Thoughts on the Middle East, History, and Religion

Juan Cole is President of the Global Americana Institute

Monday, September 25, 2006

Cole on Democracy Now

Streaming video of my appearance on Amy Goodman's "Democracy Now" today, as well as a transcript, is now available. Thanks to Amy for provocative and highly informed questions! What would we do without her? Send money.

5 Comments:

At 8:50 PM, Blogger Don Thieme said...

, coma?

 
At 1:26 AM, Blogger Michael Murry said...

Just a poetic thought about all those dead Iraqis and American GIs whom history will someday regard as merely commas:

Killed for a comma
Midway through his sentence
Some orders from a cipher
Put a period to the essay of his life
.

 
At 10:32 PM, Blogger Arnold Evans said...

The transcript discusses how Ahmadinejad is obsessed with Israel.

The West really is going to have to deal with this issue rather than call mainstream thought in the middle east "anti-semitic" "extreme" or now "obsessed".

First on the issue of breaking up Iraq, and Nasrallah's claims that that was the model outcome for Lebanon that Israel hoped to bring about in this war, common sense says that Israel prefers divided regional rivals to unified ones. France preferred Italy divided. Austria preferred Germany divided. British policy from before its rise to empire until today is to ensure that the continent remains divided and that there is no one dominant power there. Israel wants the same thing. To acknowledge that is not anti-semitic or obsessed. Even if there were no Israeli policy makers who had said so publicly, which there are, it is just common sense.

Most people in the Middle East oppose Zionism as a political ideal. The West, if it believes it is right (and that is actually doubtful) should engage the Middle East in debate. Tony Blair believes there is a war of ideas. He should say that the reason there has not been an injustice done to the Palestinians in the creation of Israel is ... The reason any injustice should not be corrected by allowing a Palestinian majority to be restored is ... The reason it is not acceptable for the Palestinian refugees to be put into a position to vote down Israel as a political state is ...

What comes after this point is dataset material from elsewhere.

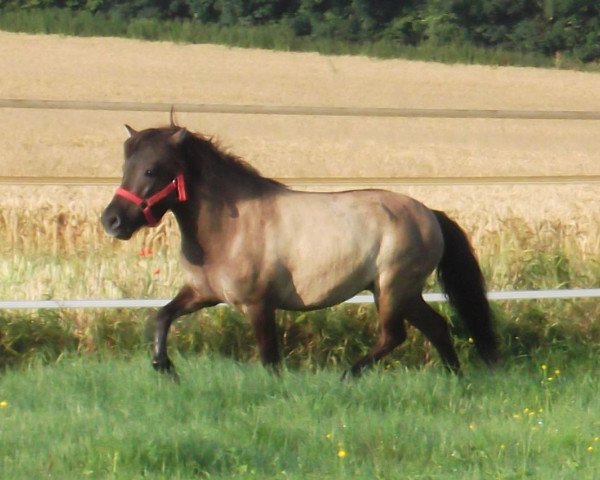 Zuchtstute Ulivia von der Mühlbachquelle (Shetland Pony, 2014, von Ambitie van de Zandkamp)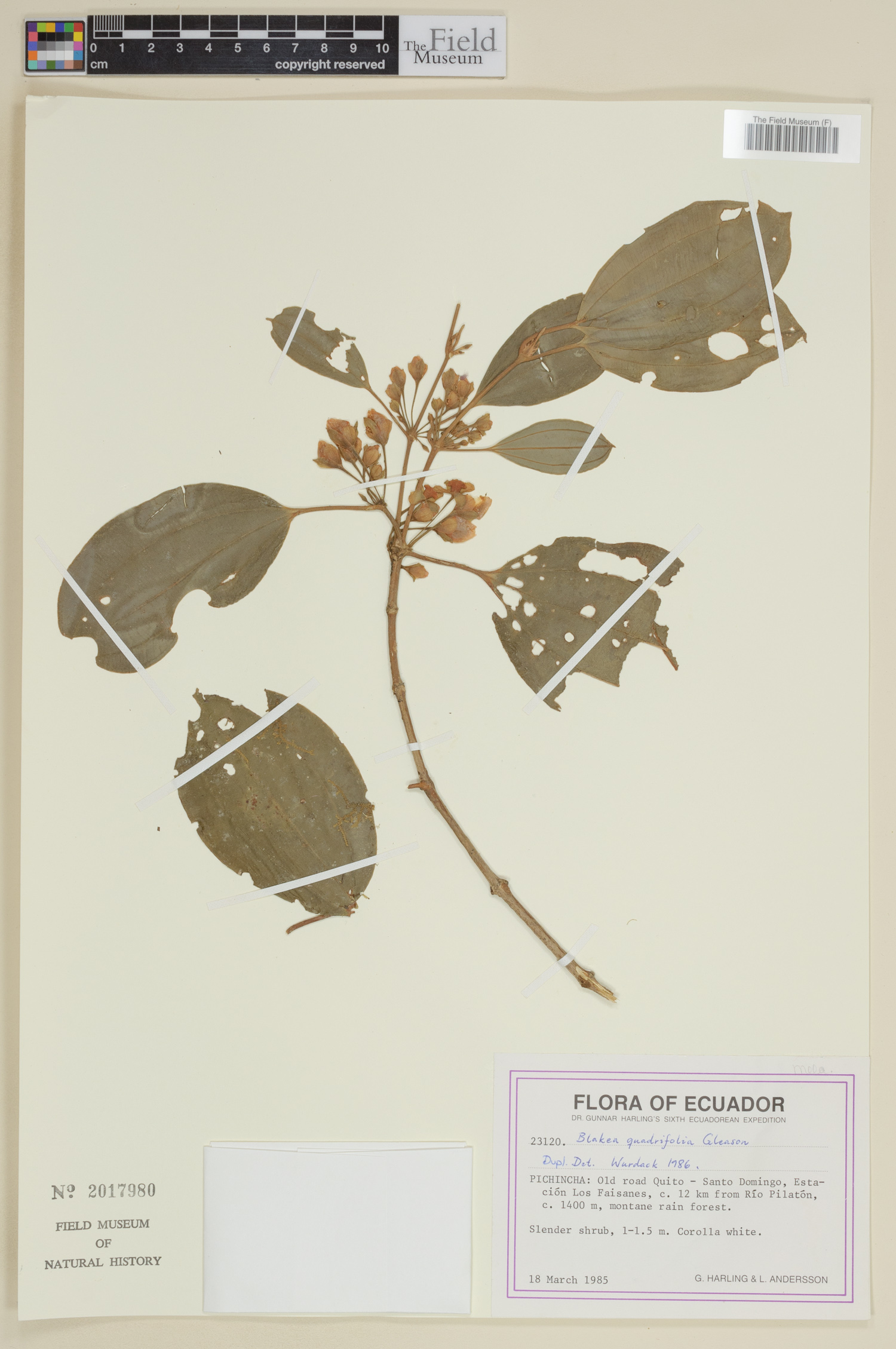 Blakea quadriflora image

Instead of a political debate, the West cries "you're antisemitic" "you're obsessed". What happened to "I can demonstrate that you're wrong on the issue"?

The West chooses to starve Palestinians who vote for Hamas. Two thirds still do not believe they should permanently accept Israel.

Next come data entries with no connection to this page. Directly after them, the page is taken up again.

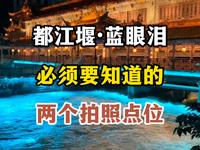 都江堰·蓝眼泪必须要知道的两个拍照点位#都江堰 #旅行推荐官 #旅行 #旅游  #四川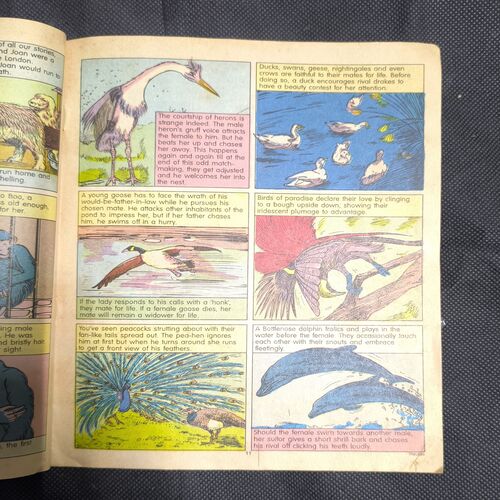 Document_2 Tinkle no-290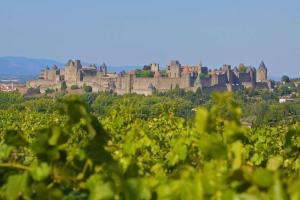 Maisons de vacances MAS DES VIGNES - View Cite de Carcassonne : photos des chambres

The vast majority of Palestinians, are extreme by this definition, which kind of stands the concept of "extreme" on its head. They are not "moderate" like the tiny minority, including dictators, that wants to cooperate with Israel in the West.

The choice is to either permanently impose puppet dictatorships on most of the "obsessed" "anti-semitic" people of the Middle East, or coming to a reasoned accommodation, accepting that the people of the Middle East just might be right.

It is impossible to see how any state that is not already a pro-US/pro-Zionist dictatorship could plausibly become one. So that option is out. That includes Iraq, which is and will be just as anti-Zionist as Lebanon, Syria or Iran. You may be able to overthrow Syria and get, guess what, another anti-Zionist state. Less plausibly you can overthrow Iran and get, another anti-Zionist state.

So the United States, which is thousands of miles away but gives Israel more foreign aid than the entire much poorer continent of Africa - while half of aid to Africa is in the form of a bribe to Egypt to keep peace with Israel - can sit back and call Middle Easterners "obsessed" but eventually this is an issue that has to be dealt with on a more mature level than name calling.

And like a withdrawal from Iraq, putting off the day when it happens makes the situation worse, not better.

 
At 11:46 PM, Blogger Unknown said...

Dear Juan,
I saw the show with you yesterday. Nicely done. Would that shows like that got the distribution they deserve.

Speaking of which, Keith Olbermann's MSNBC Countdown editorial on Clinton's takedown of Chris Wallace made my jaw drop three or four times. It's almost surreal seeing and hearing someone speak the truth about Bush in a corporate media program. Even after watching it twice, it's hard to believe it really happened. I can't believe my own eyes and ears anymore. That's how bad the disinformation has gotten. Did you see it?
Mark Anderson

 
At 12:57 AM, Blogger karlof1 said...

It's really unfortunate that Cheney/Bush won't become a footnote because their policies will go on killing for generations. Buchanan was bad, Hoover was bad, Grant was bad, and there's a reason we rate them that way: Their ineptness at facing the crises of their times made the future grim for millions. It is this legacy I see for the US and World. No future administration, no matter how well led, will be able to undo the gross crimes of Cheney/Bush.